MRI datasets from 29 nfPPA, 27 svPPA, and 39 controls were analyzed. White matter fractional anisotropy (FA) differences were assessed using unbiased Whole Brain-based Spatial Statistics (WBSS) and Tract-Wise Fractional Anisotropy Statistics (TFAS). Gray matter volumetric differences were calculated by Atlas-Based Volumetry (ABV). A subset of 10 nfPPA and 6 svPPA patients underwent longitudinal MRI at 12 months. FA maps were correlated with disease severity (FTLD-CDR sum of boxes). A random forest classifier validated tracts of interest (TOI) and structures of interest (SOIs) selection as a proof-of-concept.

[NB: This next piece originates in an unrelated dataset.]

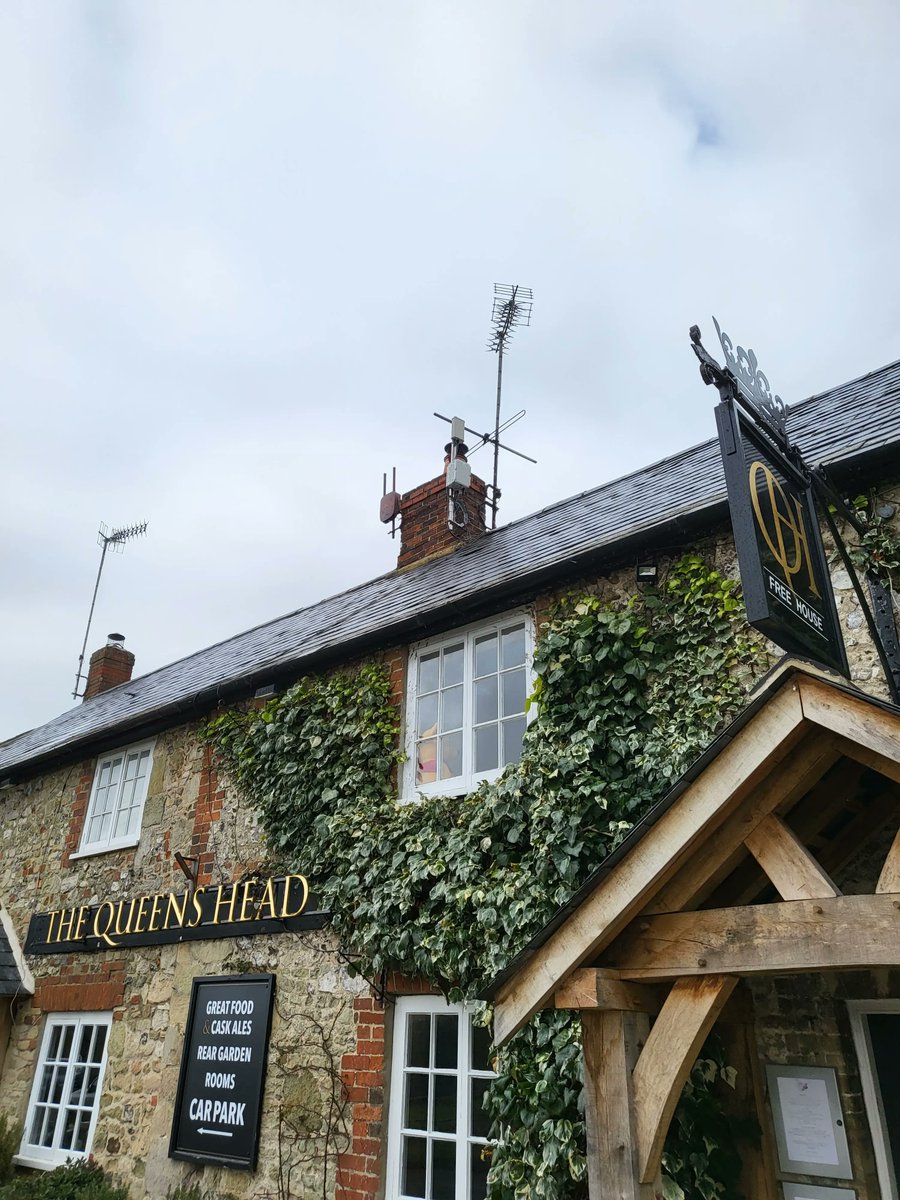 TeletResearch's tweet photo. It's nearly time to visit a 5G enabled pub! We like the Queens Head, our local in Broad Chalke. Can you spot the discretely mounted 5G small cell? It's providing fast internet to a number of local community venues. We recommend you check it out! https://t.co/GbpD5MUkxu https://t.co/whWQSox91C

At baseline, nfPPA showed frontal, callosal, and temporal white matter degeneration, while the left inferior longitudinal fasciculus (ILF) was predominantly involved in svPPA. Longitudinally, nfPPA exhibited frontal, callosal, and posterior temporal progression, while svPPA showed localized antero-posterior ILF progression. ABV aligned with the DTI analyses, demonstrating volumetric reductions in the frontal lobe for nfPPA and in temporal lobe and subcortical limbic structures in svPPA. Sub-clusters of white matter damage progression correlated with worsening FTLD-CDR scores. Random forest analysis identified the most discriminative TOIs and SOIs.

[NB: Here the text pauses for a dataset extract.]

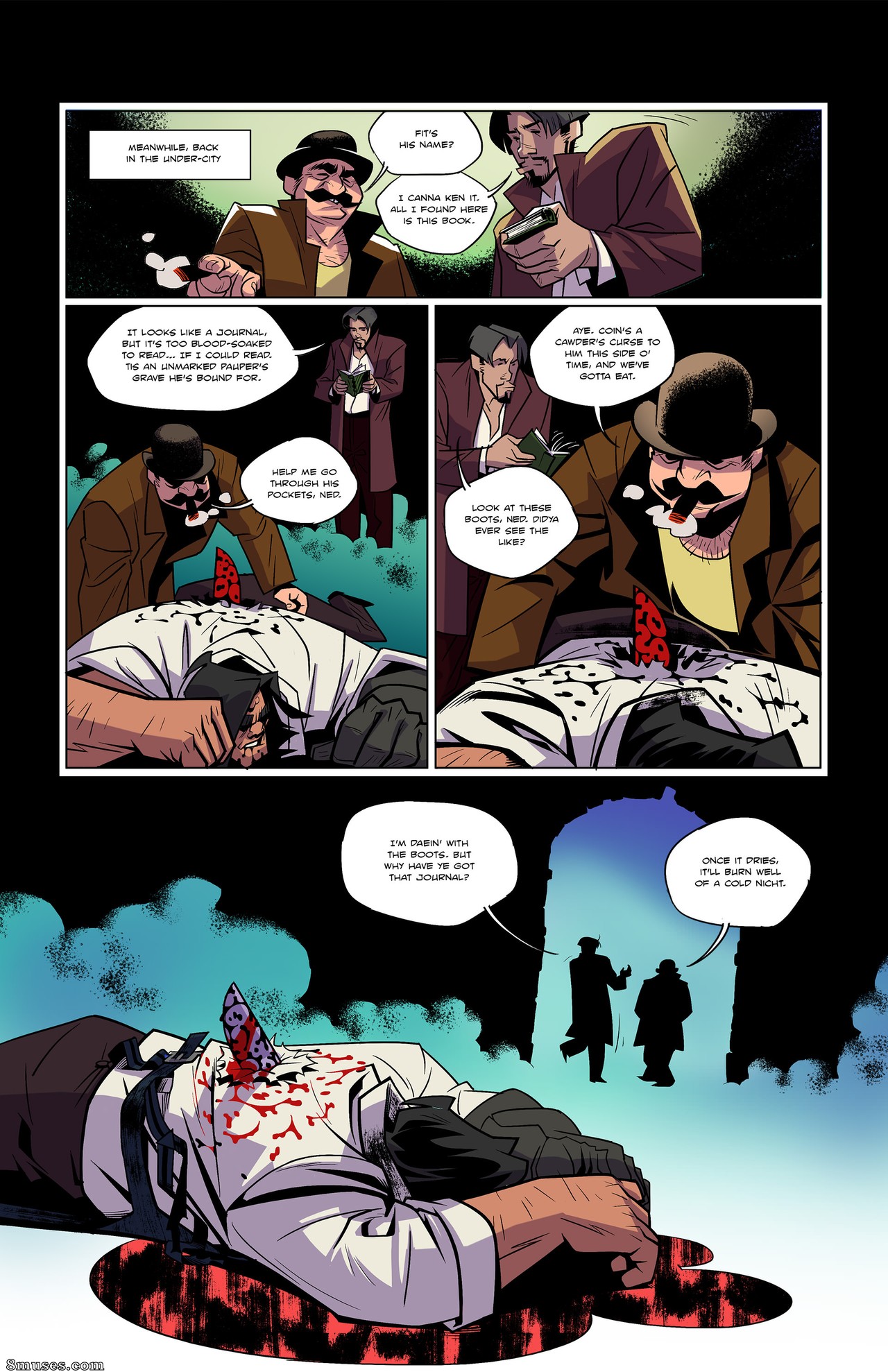 Steampumped — page 32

Distinct degeneration patterns emerged across nfPPA and svPPA, supporting early differential diagnosis and correlating with disease worsening. These findings support the utility of combined DTI and ABV in tracking disease progression.
原发性进行性失语的非流利型(nfPPA)和语义型(svPPA)变体具有不同的临床特征。我们研究了扩散张量成像(DTI)和基于图谱的体积测量(ABV)是否能揭示脑白质微观结构和灰质体积纵向变化的不同模式。
分析了来自29例nfPPA、27例svPPA和39例对照的MRI数据集。使用无偏全脑空间统计(WBSS)和逐束分数各向异性统计(TFAS)评估白质分数各向异性(FA)差异。通过基于图谱的体积测量(ABV)计算灰质体积差异。10例nfPPA和6例svPPA患者的一个亚组在12个月时接受了纵向MRI检查。FA图与疾病严重程度(FTLD-CDR框总和)相关。随机森林分类器验证了感兴趣区域(TOI)和感兴趣结构(SOI)的选择作为概念验证。
在基线时,nfPPA表现为额叶、胼胝体和颞叶白质变性,而左侧下纵束(ILF)主要累及svPPA。纵向来看,nfPPA表现为额叶、胼胝体和颞叶后部进展,而svPPA表现为局部前后ILF进展。ABV与DTI分析结果一致,显示nfPPA的额叶体积减少,svPPA的颞叶和皮质下边缘结构体积减少。白质损伤进展的亚组与FTLD-CDR评分恶化相关。随机森林分析确定了最具鉴别性的TOI和SOI。
nfPPA和svPPA出现了不同的变性模式,支持早期鉴别诊断并与疾病恶化相关。这些发现支持联合使用DTI和ABV追踪疾病进展的实用性。